The fact is that we have already tried to use rpi5 but without Hailo NPU. And get ~110 fps.
Now, I’ve translated the same model from onnx to hef. And I tried to run it using this command:
python basic_pipelines/detection.py --labels-json resources/mylabels.json --hef-path resources/mymodel.hef --input resources/myvid.mp4 --disable-sync
I was hoping to see an increase in fps of at least 1.5 times, but I only got 120-125 fps on average. I hoped to see greater increase, because I benchmarked my hef with result 250fps (batchsize = 1)
After that, I started checking the npu and cpu usage. To find out where the bottleneck might be.
I used htop and Hailo Monitor for this purpose. So, I got
npu utilization = 44%
cpu usage = about 100%
Also I read some topics here about PCIe. Used sudo lspci -vvv
and get LnkSta: Speed 8GT/s, Width x1 (downgraded)

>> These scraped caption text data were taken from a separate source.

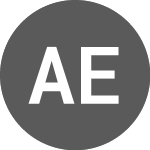 Amsterdam Exchange (AEX)のロゴ。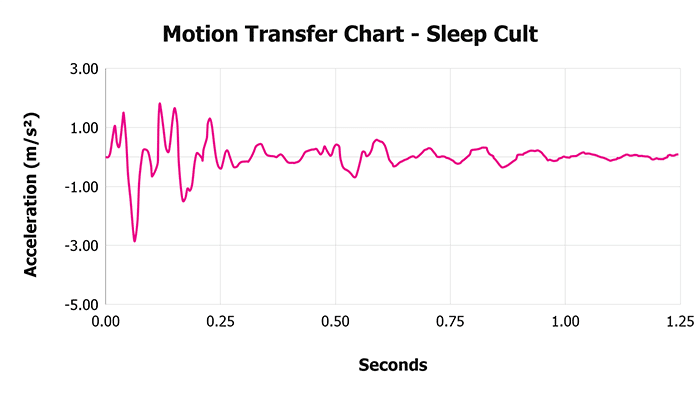Sleep Cult V Motion Transfer Chart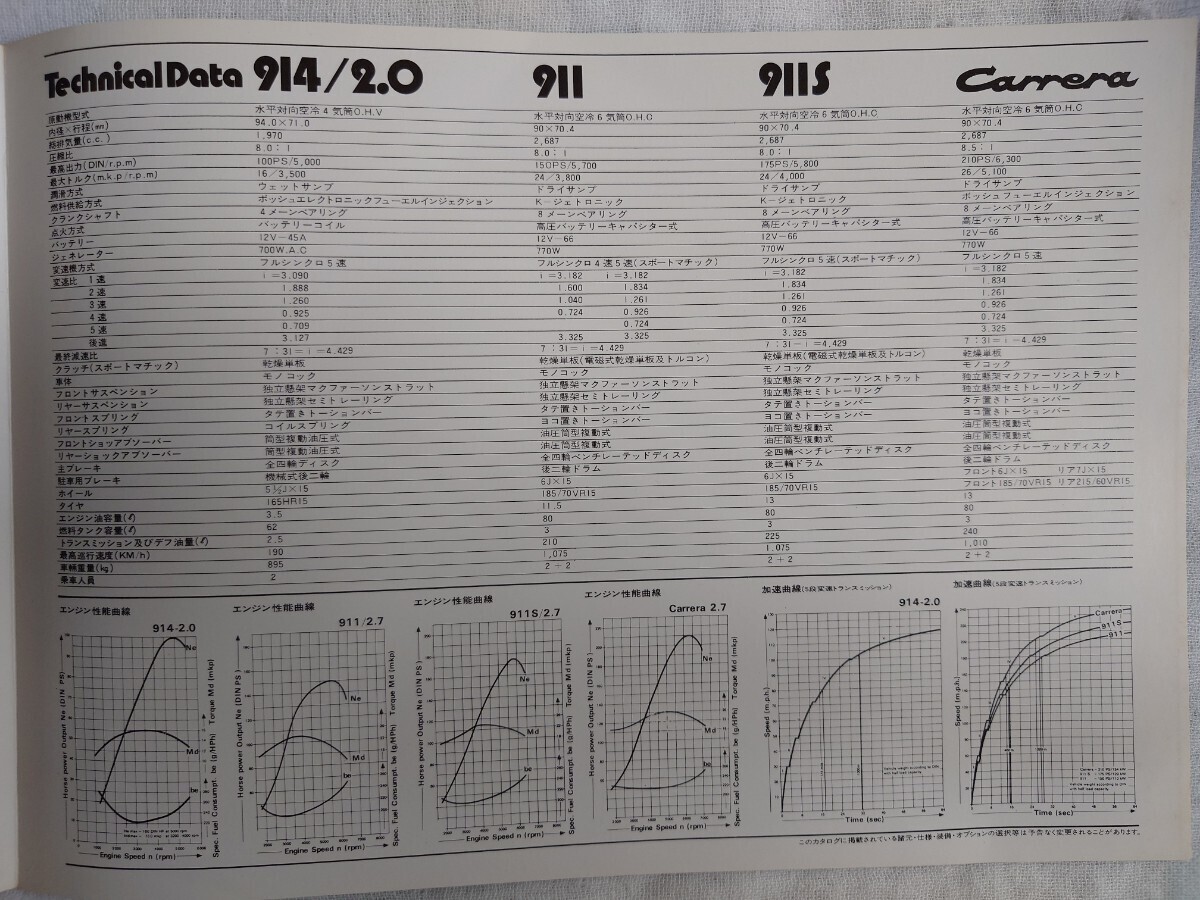 昔のポルシェ911カタログの画像9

I think it all comes down to two problems. The problem is a weak processor, or the fact that I have only 1 lane of PCIe.
So that’s where I left off. And to be honest, I do not know where to go next. I know that can also use DFC in a more advanced way and then I will get an increase in fps, but it seems to me it will be a small increase. I have a feeling that I’m doing something wrong and I can fix it to get a significant increase in fps.